1. The one-time crawl all provinces, street data code is as follows:
defect is easy to cause the data volume is too big to climb take lost parts of time travel, adding more troublesome
The import urllib. Request
The import time
The from bs4 import BeautifulSoup
The class areaClass:
Def fn (self) :
Indexs='index.html'
Url='http://www.stats.gov.cn/tjsj/tjbz/tjyqhdmhcxhfdm/2019/'
TXT=urllib. Request. Urlopen (url + indexs). The read (). The decode (' GBK ')
Soup=BeautifulSoup (TXT, '. The HTML parser)
Lista=soup. Find_all (' a ')
Lista. Pop ()
For a in lista:
# output province
Print (" s_ + a "[' href '] [2-0] +" "+ a.t ext)
Time. Sleep (1)
TXT=urllib. Request. Urlopen (url + [' href '], a timeout=5000). The read (). The decode (' GBK ')
Soup=BeautifulSoup (TXT, '. The HTML parser)
By=soup. Find_all (' a ')
By the pop ()
Bb={}
L=len (by)
# print (" -- -- -- -- -- & gt;>> "+ STR (l/2) +" & lt; <<<-- -- -- -- -- - ")
StrName='
For I in range (0, 1) l:
If (by [I]. Text==strName) :
The continue
StrIndex=by [I] [' href ']
Code=by [I]. Text
Codecity=code
StrName=name=by [I + 1] text
# print (strIndex + + code ", "+", "+ name)
# output municipal
Print (code + "" + name +" s_ "+ strIndex [2-0])
Street # # url address
Url2=url + strIndex [2-0] + '/'
Time.

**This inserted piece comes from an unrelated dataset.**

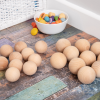 73881 tickit Natural Wooden Balls (50mm) - Pk10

Sleep (1)
Try:
CTXT=urllib. Request. Urlopen (url + strIndex, timeout=5000). The read (). The decode (' GBK ')
Soup=BeautifulSoup (CTXT, '. The HTML parser)

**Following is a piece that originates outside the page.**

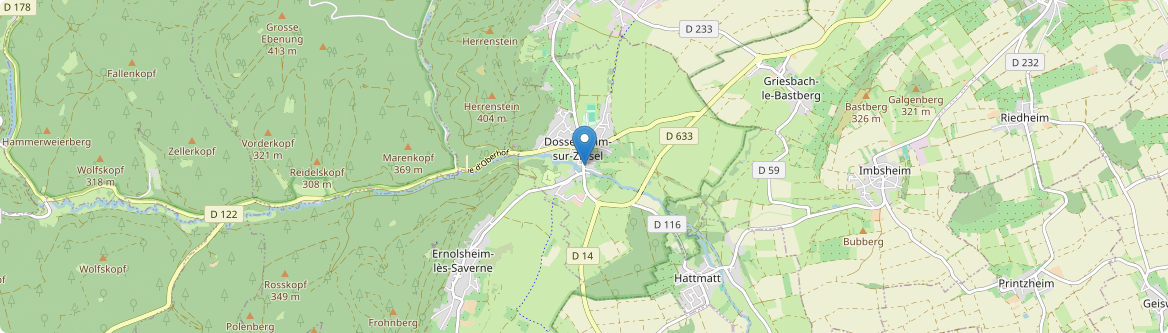 Dossenheim-sur-Zinsel - Carte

Listc=soup. Find_all (' a ')
Listc. Pop ()
Lc=len (listc)
# print (" -- -- -- -- -- & gt;>> "+ STR (lc/2) +" & lt; <<<-- -- -- -- -- - ")
CstrName='
For c in range (0, lc - 1) :
If (listc [c]. Text==cstrName) :
The continue
StrIndex=listc [c] [' href ']
Code=listc [c]. Text
CodeArea=code
CstrName=name=listc [c + 1] text
# output district-level
Print (code + "" + name +" "+" "+ codecity)
# the streets
Self. Fn2 (url2 + strIndex codeArea, url2 + strIndex [2-0] + '/')
Except:
Print (" ")
The continue
# neighborhood
Def fn3 (self, url, codejd) :
CTXT=urllib. Request. Urlopen (url, timeout=5000). The read (). The decode (' GBK ')

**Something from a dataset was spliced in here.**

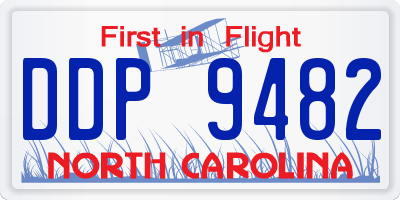 NC license plate DDP9482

Soup=BeautifulSoup (CTXT, '. The HTML parser)
Listc=soup. Find_all (" td ")
Listc. Pop ()
Lc=len (listc)
CstrName='
For c in range (8, lc - 1) :
# print (listc [c]. Text + "p======" + cstrName + "=======p)
If (listc [c]. Text==cstrName) :
The continue

Code=listc [c]. Text
CstrName=name=listc + 2 [c]. Text
# neighborhood data there are problems here, don't study for a while. According to you need to configure
# output neighborhood
Print (code + "-" + name + "" +" - "+ codejd +" br ")
# the streets
Def fn2 (self, url, codeArea, url2) :
CTXT=urllib. Request. Urlopen (url, timeout=5000). The read (). The decode (' GBK ')
Soup=BeautifulSoup (CTXT, '. The HTML parser)
Listc=soup. Find_all (' a ')
Listc. Pop ()
Lc=len (listc)
CstrName='
For c in range (0, lc - 1) :
If (listc [c]. Text==cstrName) :
The continue
StrIndex=listc [c] [' href ']
Code=listc [c]. Text
Codejd=code
CstrName=name=listc [c + 1] text
# output streets
Print (code + "" + name +" "+" "+ codeArea)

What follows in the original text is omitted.